Secondo il comunicato ufficiale delle autorità d’oltralpe, l’uomo sarebbe sospettato di avere trasportato droga in corpo e perciò sottoposto ad un controllo delle urine nei locali della stazione occupati dalla ONG Rainbow4Africa, impegnata da tempo nella cura e nell’informazione dei migranti che provano a oltrepassare la frontiera. I volontari dell’associazione sostengono che i gendarmi abbiano fatto irruzione armati di pistola e taser e di avere subito minacce e intimidazioni.

Nei giorni immediatamente successivi all’accaduto, la procura di Torino ha aperto un’indagine, ipotizzando i reati di abuso in atti d’ufficio, violenza privata e violazione di domicilio. Dal momento che i profili giuridici della questione sono estremamente complessi in virtù della sovrapposizione dell’accordo di Schengen con l’accordo di Chambery del 1997, il trattato di Prüm del 2005 e l’accordo italo-francese di cooperazione bilaterale del 2012, attendiamo che la giustizia faccia il suo corso.

Limitiamoci a sottolineare che l’intervento delle forze dell’ordine francesi non costituisce di per sé una violazione della sovranità: il vero problema è stabilire se la Gendarmerie abbia o meno ottenuto l’autorizzazione da parte delle autorità italiane ad eseguire un fermo a carico del migrante nigeriano.

Il tema di cui occorre discutere è quello di ordine politico. Oltre a Di Maio, le cui dichiarazioni sono ormai oggetto di parodie quotidiane sui social, tutte le forze parlamentari, dalla Lega al Pd, hanno condannato l’atteggiamento della polizia francese. «Non siamo la toilette di Macron. L’Italia chiami Macron e gli ricordi che qui nessun agente straniero può venire a far valere la propria autorità», ha dichiarato la parlamentare di Fratelli d’Italia Augusta Montaruli. «Siamo un Paese sovrano non una provincia della Francia. I campioni delle urine li prendano nei bagni francesi o ne segnalino la necessità alle nostre forze dell’ordine», ha detto il parlamentare europeo del Pd Daniele Viotti.

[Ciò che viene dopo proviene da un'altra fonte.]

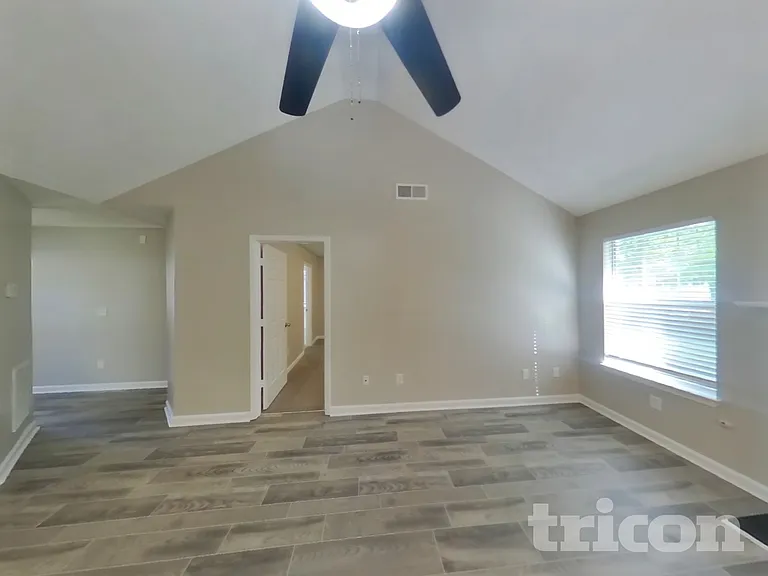 1411 Pebble Ridge Ln — Photo 3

La somiglianza tra queste dichiarazioni è anche e soprattutto nel non detto: nessuno condanna la violazione dei diritti dei migranti, in barba a qualsiasi norma di diritto internazionale e di buon senso. Nemmeno Gérald Darmanin, ministro dei conti pubblici con competenza sulle dogane del governo Macron, che dopo un silenzio assordante durato quasi una settimana si è scusato ufficialmente a nome del governo francese.

Se pensiamo che i fatti di Bardonecchia seguono quelli ben più tragici del 9 febbraio, quando una donna nigeriana malata e incinta è stata rispedita in Italia mentre provava ad attraversare la frontiera con la Francia, l’ipotesi di una comunione d’intenti a livello europeo tra le forze “populiste” e quelle europeiste di centrodestra e centrosinistra diventa una certezza. Non ci stupiremo allora se, dopo i decreti Minniti, il Pd appoggerà un’ulteriore stretta sui flussi migratori e sui diritti dei migranti, proposta questa volta da un governo a trazione leghista.